The first two characters in the name of Chu Cha Dan Fan (初茶淡飯) mean a first taste of tea and are a play on a Chinese idiom that refers to a humble meal. The name cannot be more appropriate for this restaurant that serves rare "tea cuisine" in a cozy dining environment.
Neighboring a dozen coffee houses in an alley off Liaoning Street night market, this restaurant has a door hidden by leafy greenery and a quaint interior like a 1930s Shanghai teahouse. As soon as diners enter, they are deeply submerged in a retro atmosphere created by old Chinese pop songs and walls displaying antique Chinese posters of smiling calendar girls in traditional dress. The wooden Buddha carvings, the owner's collection of jade and the flowing calligraphy that fill every corner of the restaurant all add to the classically Oriental feel.
PHOTO: VICO LEE, TAIPEI TIMES
The restaurant's special tea cuisine is the innovation of owner and chef Hsieh Chang-chuo (謝長輈), who conceived of the restaurant after years of working as a chef in Chinese restaurants in Holland and Belgium.

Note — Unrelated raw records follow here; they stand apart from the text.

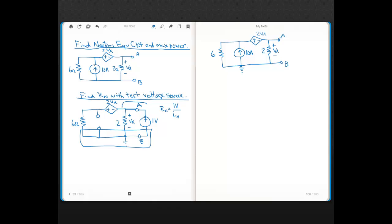This node here has 1 volt with respect to ground, because that's where our test source is connected. So we only have one other node that starts off unknown. Vx — the voltage that this dependent voltage source depends on — is the voltage across this 2-ohm resistor. And that test source is connected in parallel with that 2-ohm resistor, so in this problem Vx is just equal to the test source value. That means 2Vx is just 2 volts — the value of that dependent voltage source is just 2 volts.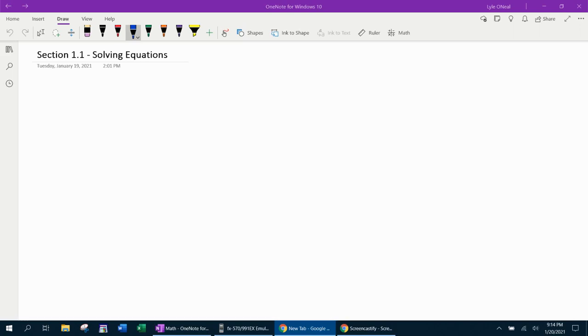Hello and welcome to our lesson on solving equations. This is from section 1.1 from our textbook. We're going to look at several examples going from easy to medium to hard. And without further ado, let's get started.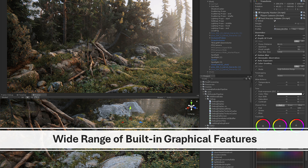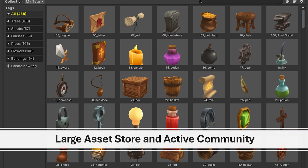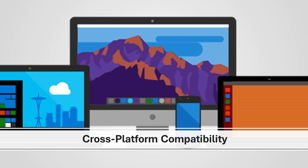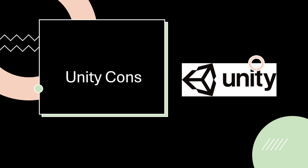Unity provides a good range of built-in graphical features including lighting systems, shaders, and post-processing effects, allowing developers to achieve impressive visuals without the same level of expertise required in Unreal Engine. Unity's Asset Store is another vast resource offering a wide variety of pre-made assets to enhance visual quality. Unity also boasts a large and active community providing tutorials, support, and custom assets. Additionally, Unity excels in cross-platform compatibility, allowing developers to easily publish their games on various platforms like PC, consoles, and mobile devices.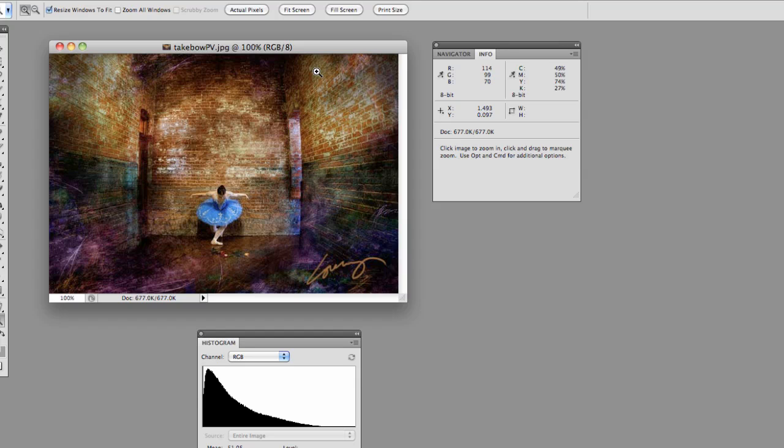Hello and welcome to Photo Education Online. I'm Larry Lursi and today I want to talk to you a little bit about histograms and understanding what a histogram is and how we use it in photography.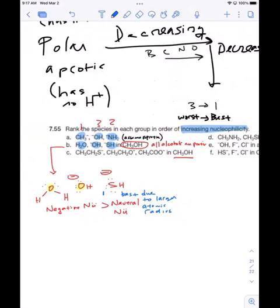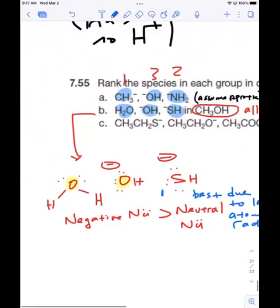For ranks two and three: which one is the worst of these three? Water is going to be the worst — a negative nucleophile is better than a neutral one. Water is neutral, hydroxide is negative, so water is my worst nucleophile in this case.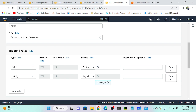In NACL, we have the option to select a rule number, and NACL is priority-based. If you created rule number 1 as allow and rule number 2 as deny for the same rule, it will take rule number 1 — the first rule wins.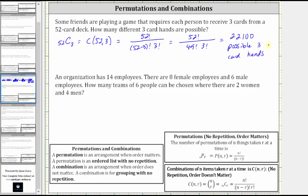For the last example, an organization has 14 employees: eight female employees and six male employees. How many teams of six can be chosen where there are two women and four men? To answer this question, we will use the counting principle as well as combinations. We will first determine how many ways we can choose two women from eight women, then multiply that by the number of ways we can choose four men from six men. That product will give us the number of six-person teams with two women and four men.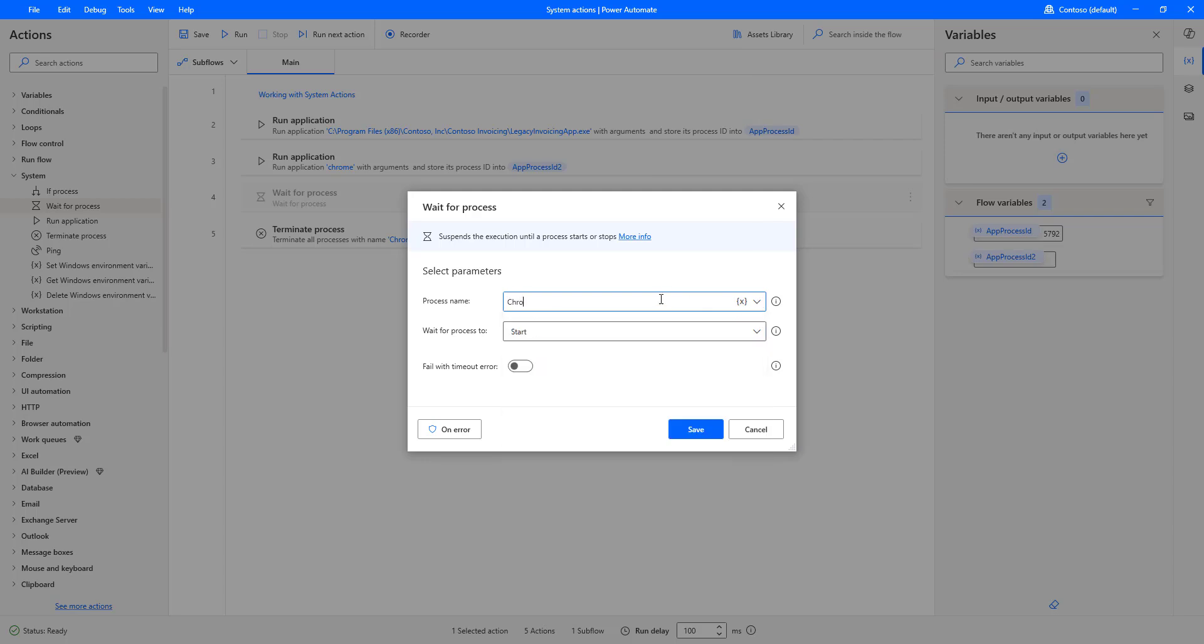Now, what I am going to do is use Chrome here, which is not available yet. But how can it run? Once you use Run Application, that process will start, right? By using Run Application, I am going to give the same Process name. And then, it will wait for the process to start or to stop.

"Traditionally, only a couple of Chinese dishes are made with tea. The way Westerners eat seafood with white wine and beef with red wine inspired me to cook meat with a variety of green or black tea," Hsieh said. The appeal of tea cuisine is its many benefits to health. "All kinds of meat are acidic. The alkali in tea can help neutralize this, making the dish more suitable for the human body," Hsieh added.
Hsieh's signature dish is dong po pork (東坡罈肉, NT$260), a favorite among foreign customers to the restaurant. Improving on the famous Chinese dish, Hsieh stews the fatty pork with pu-er tea (普洱茶), which helps cut the grease from the meat. People who would usually wince at the sight of fatty pork will be surprised by its light and non-greasy taste, so different from the artery-clogging, soy sauce-heavy fatty pork found in most other restaurants.
Chicken in tea (茶露雞, NT$260) is a twist on drunken chicken (醉雞), another traditional dish. By marinating the chicken in tieh kuanyin tea (鐵觀音茶), instead of wine, Hsieh creates a refreshing and beautiful dish with snow-colored meat and crystal skin.
Other tea-flavored dishes include chicken in black tea, bao chung shrimp(包種蝦仁) and pu-er beef, which uses vintage 12-year-old Yunnan tea.
The restaurant also provides Sichuan dishes such as kung pao chicken(宮保雞丁) and medicinal stews like Tian Shan hsueh lian chicken (天山雪蓮雞). The latter, using chicken legs boiled in ginseng and other traditional herbs, is only served in winter.
Although it opened only 10 months ago without much fanfare, the restaurant already has a loyal clientele who crowd the place during and long after meals.